Spring is my favorite season!! Winter is definitely over, the flowers are blooming...but so is the pollen! Allergy season begins in full swing for lots of suffering patients. One of the biggest challenges as a physician, is how to figure out if the patient's sinus congestion, sneezing, runny nose etc are truly from allergies or other viral respiratory infections (the common cold or COVID for example). But, there are some key differences to be aware of. Here are the 3 clues I use to differentiate seasonal allergies from a viral respiratory infection.


1. Duration of symptoms : One of the main differences between seasonal allergies and a cold is the duration of symptoms. A cold typically lasts for about a week, while allergy symptoms can last for several weeks or even months. Sometimes, the symptoms even wax and wane where people will feel like their "cold" has improved, only to have recurrent symptoms a few days or weeks later. If you have been experiencing symptoms for an extended period, it is more likely that you are dealing with allergies rather than a cold.


2. Itchy and watery eyes: Another symptom that is more commonly associated with allergies than a cold is itchy and watery eyes. Allergies can cause irritation in the eyes, leading to redness, itching, and tearing. Sometimes cold symptoms can cause conjunctivitis ("pink eye"), but the itchiness specifically tends to be more allergy-related.
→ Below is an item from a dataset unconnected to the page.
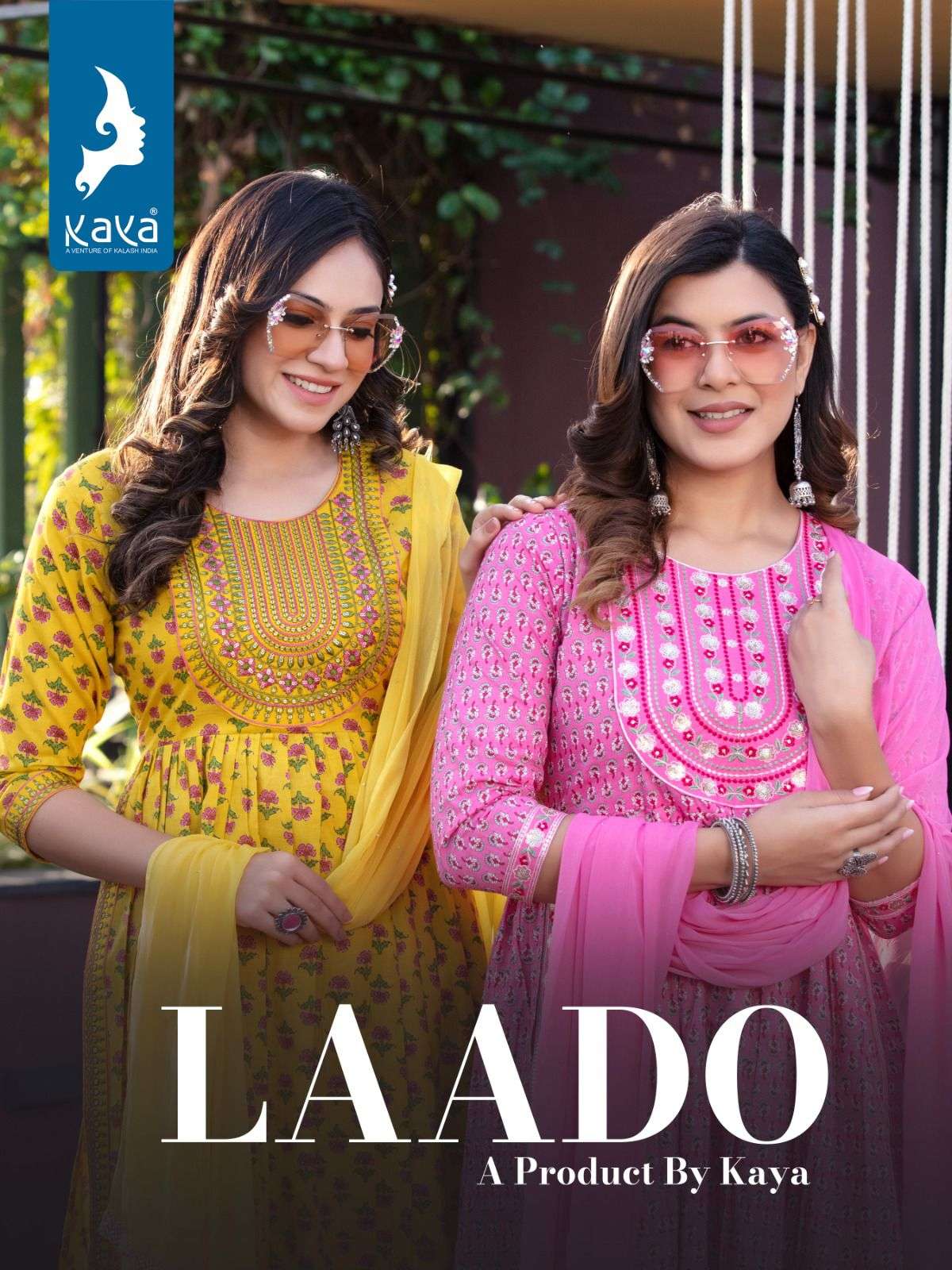 LAADO BY KAYA 01 TO 06 SERIES PURE COTTON SLUB WORK STITCHED DRESSES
3. Fever: Fever is another symptom that is more commonly associated with a cold than allergies. A cold can cause a mild fever, while allergies do not typically cause a fever. I've definitely had patients that feel subjective fevers/ chills from terrible allergies, but in general allergies will not cause a true elevated temperature.
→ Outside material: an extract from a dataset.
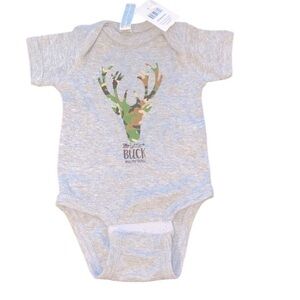 Rabbit skins little buck camouflage newborn grey one piece new with tags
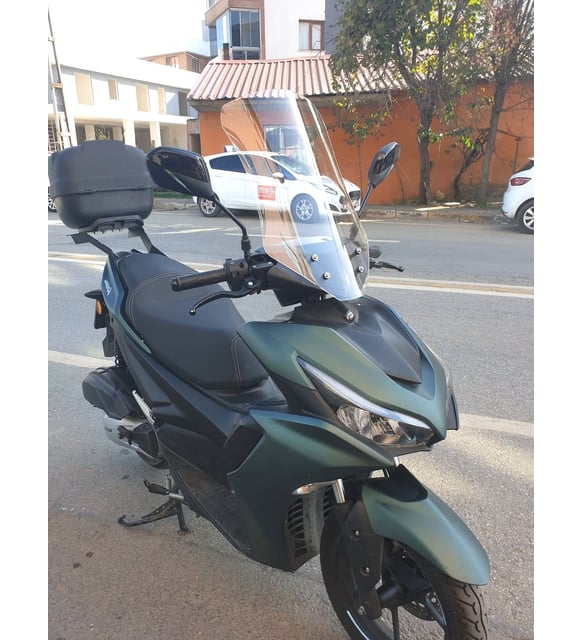 MOTOCAM RKS Arome 125 Ön Cam 2023-2026 Model 54cm Şeffaf Renkli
In conclusion, there are several key differences between seasonal allergies and a common cold. If your symptoms have been present for an extended period, you are experiencing itchy and watery eyes, or you have a fever, it is more likely that you are dealing with a cold. However, if your symptoms have been present for a longer duration and you are not experiencing a fever, it is more likely that you are dealing with allergies. If you are unsure about your symptoms, it is always a good idea to chat with your doctor to figure it out.


And pro-tip: if you do have known seasonal allergies: don't wait until your allergies are full-blown to start treating it. At the first sign, it may be a good idea to initiate the allergy treatment that works for you (antihistamines for example). Trust me, you'll thank me later!